[Input material]

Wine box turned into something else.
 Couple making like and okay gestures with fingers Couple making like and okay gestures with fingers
...
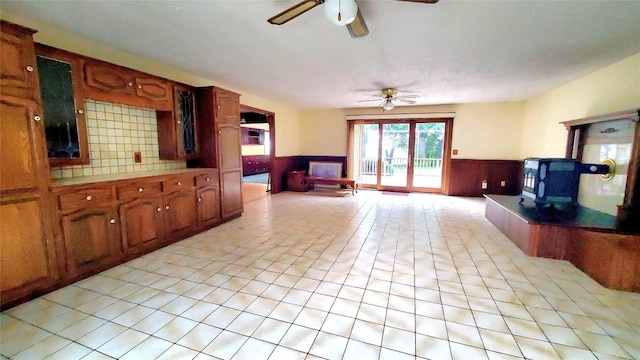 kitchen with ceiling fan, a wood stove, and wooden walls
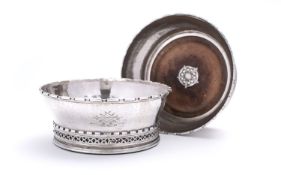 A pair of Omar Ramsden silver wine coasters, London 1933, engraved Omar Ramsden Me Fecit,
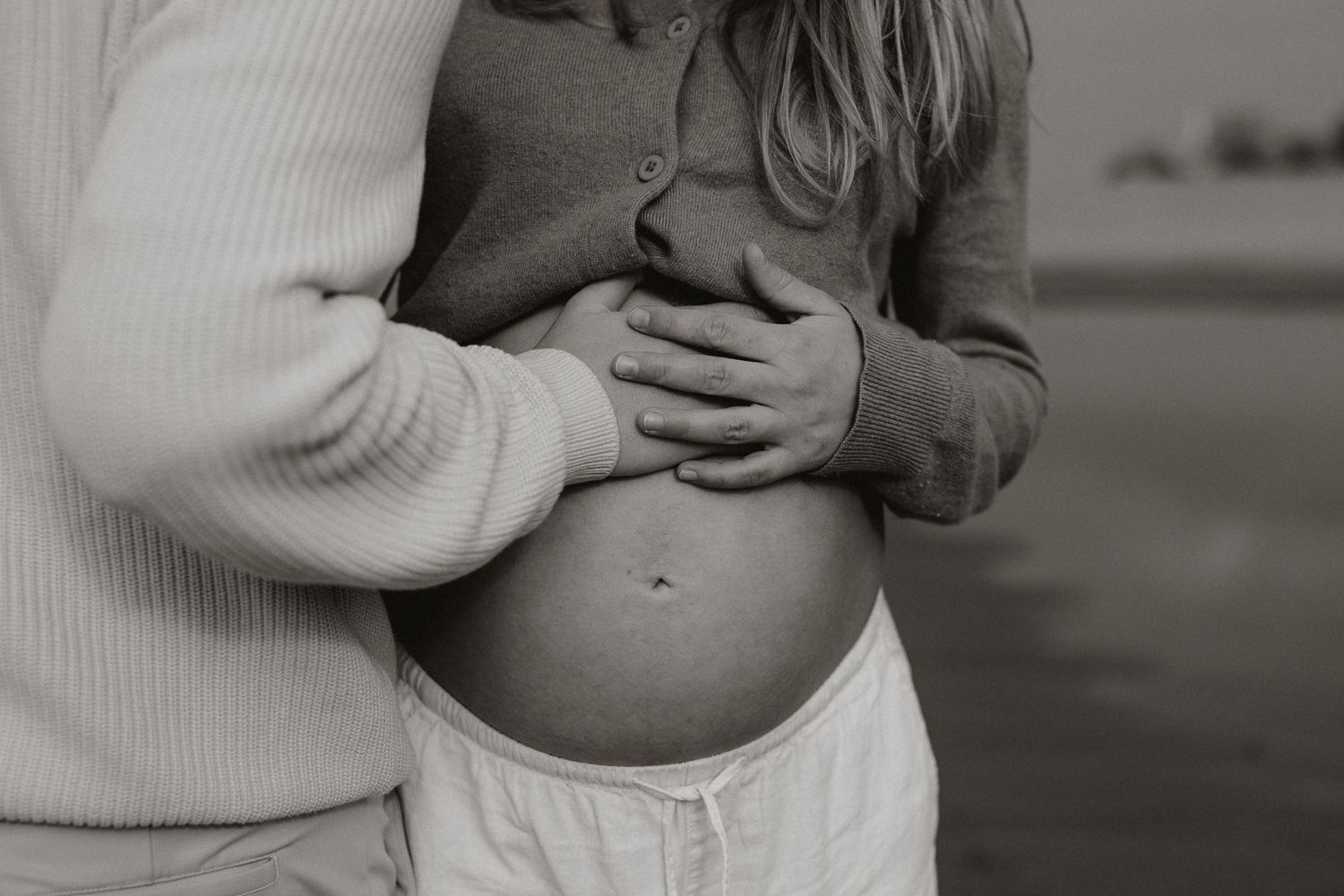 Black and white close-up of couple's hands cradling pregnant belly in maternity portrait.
...
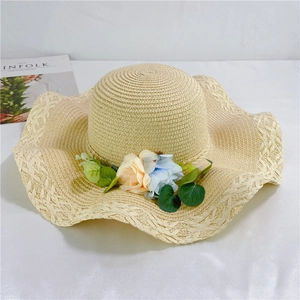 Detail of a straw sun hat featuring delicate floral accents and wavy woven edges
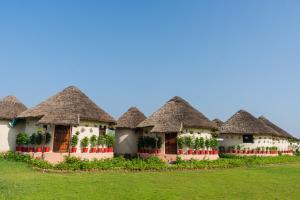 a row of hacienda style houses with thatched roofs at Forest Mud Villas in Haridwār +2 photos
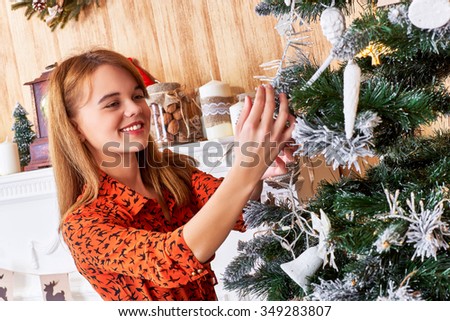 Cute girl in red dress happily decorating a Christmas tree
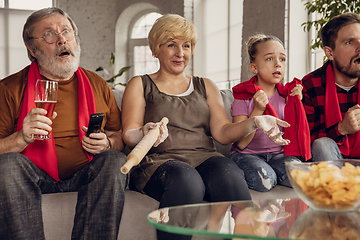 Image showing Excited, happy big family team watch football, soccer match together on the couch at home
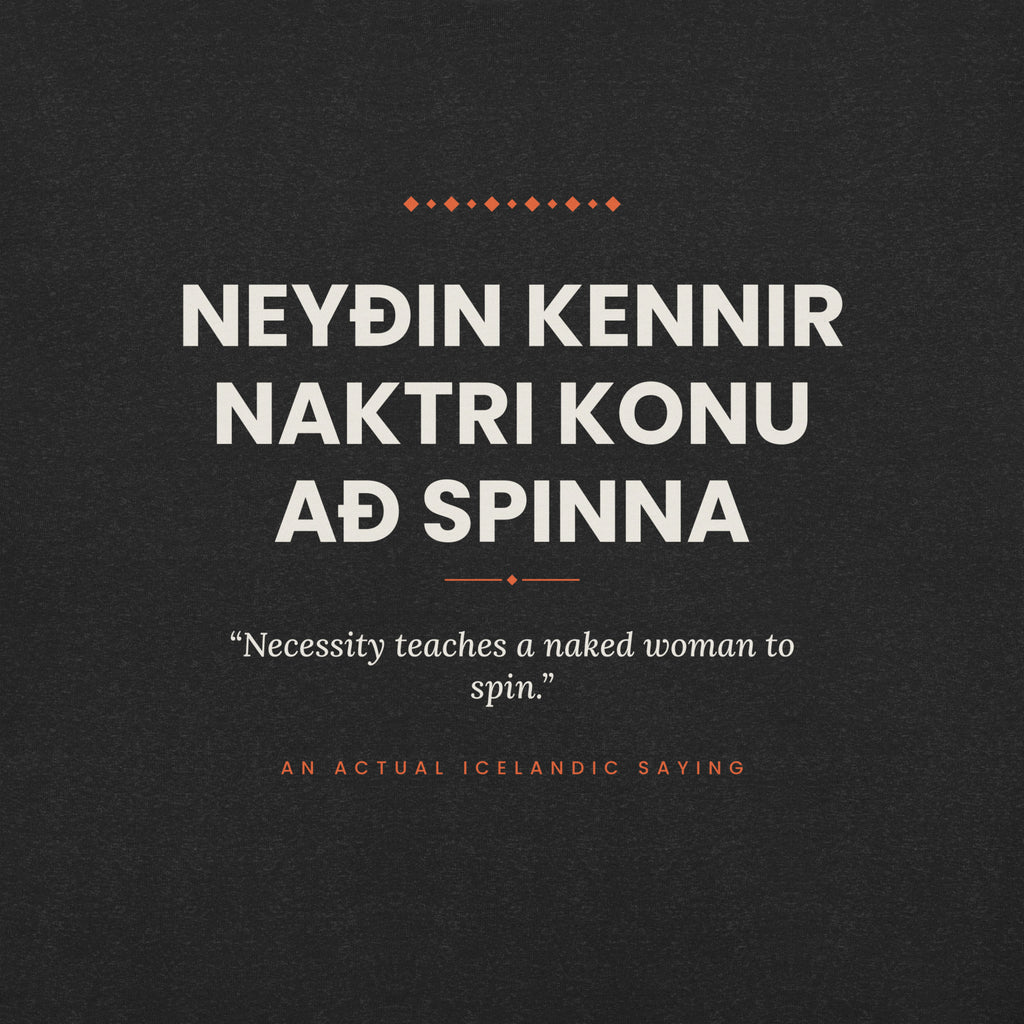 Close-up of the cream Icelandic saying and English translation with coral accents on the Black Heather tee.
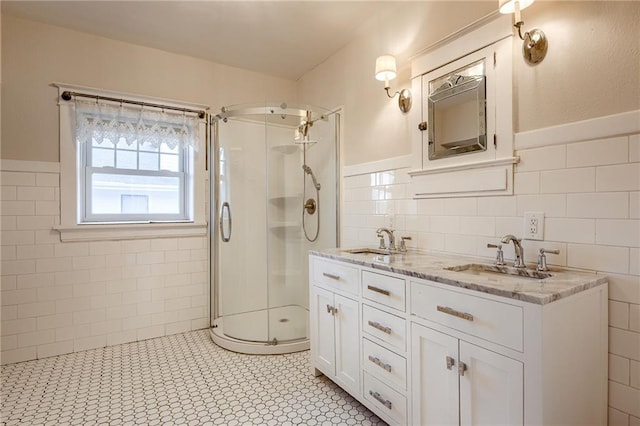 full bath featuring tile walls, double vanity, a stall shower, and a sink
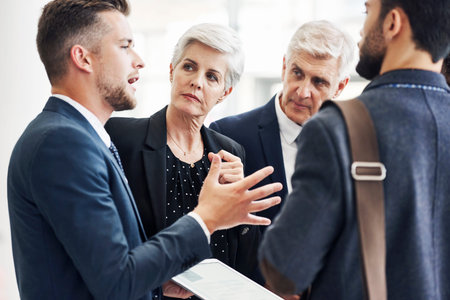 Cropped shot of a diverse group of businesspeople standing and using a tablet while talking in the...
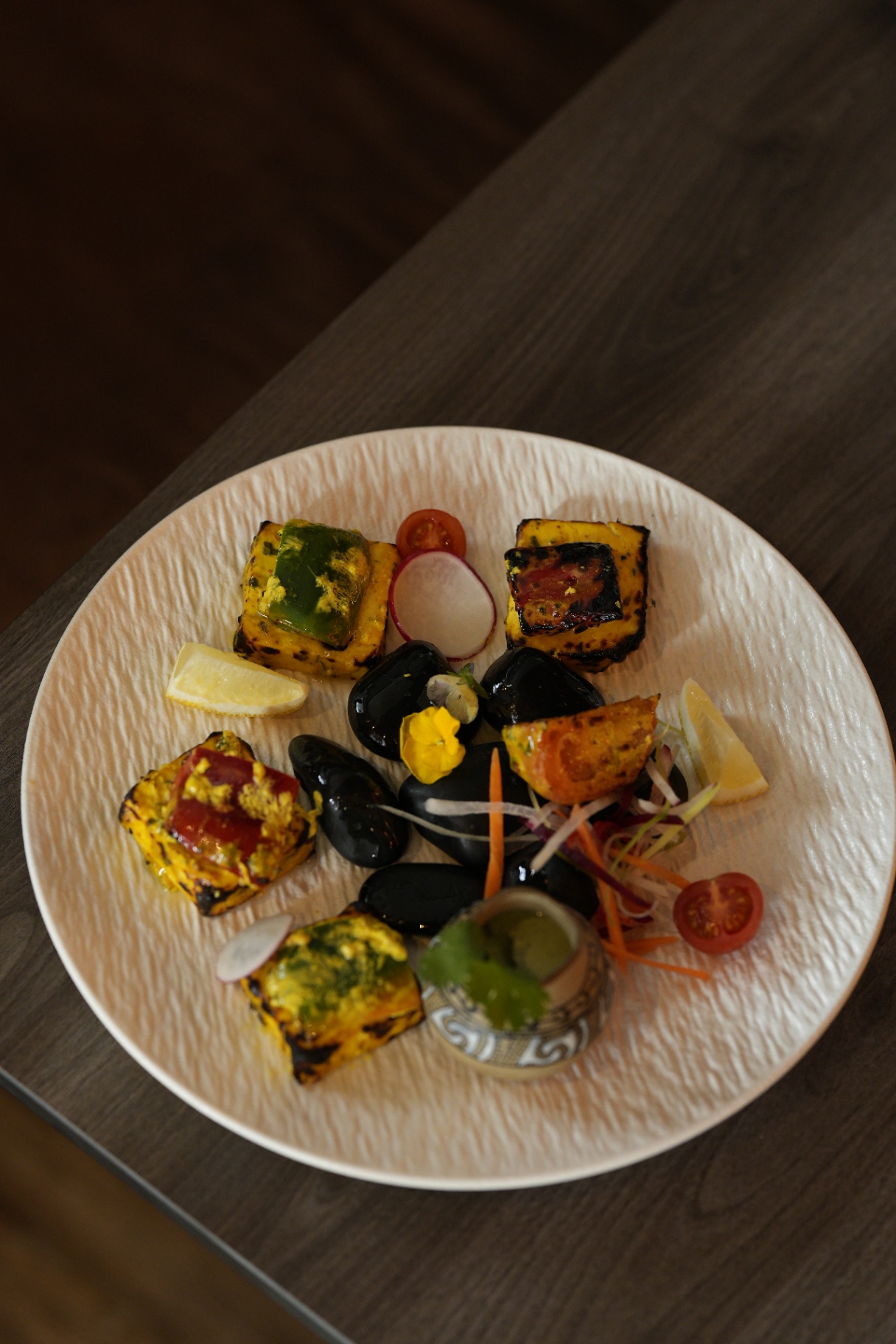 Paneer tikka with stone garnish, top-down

[Assigned task]
Would you print exactly the lines in the listing above, from the line bearing "Cute girl in" through the line bearing "full bath featuring", leaving out all pictures?

[Answer to this problem]
 Cute girl in red dress happily decorating a Christmas tree
 Image showing Excited, happy big family team watch football, soccer match together on the couch at home
 Close-up of the cream Icelandic saying and English translation with coral accents on the Black Heather tee.
 full bath featuring tile walls, double vanity, a stall shower, and a sink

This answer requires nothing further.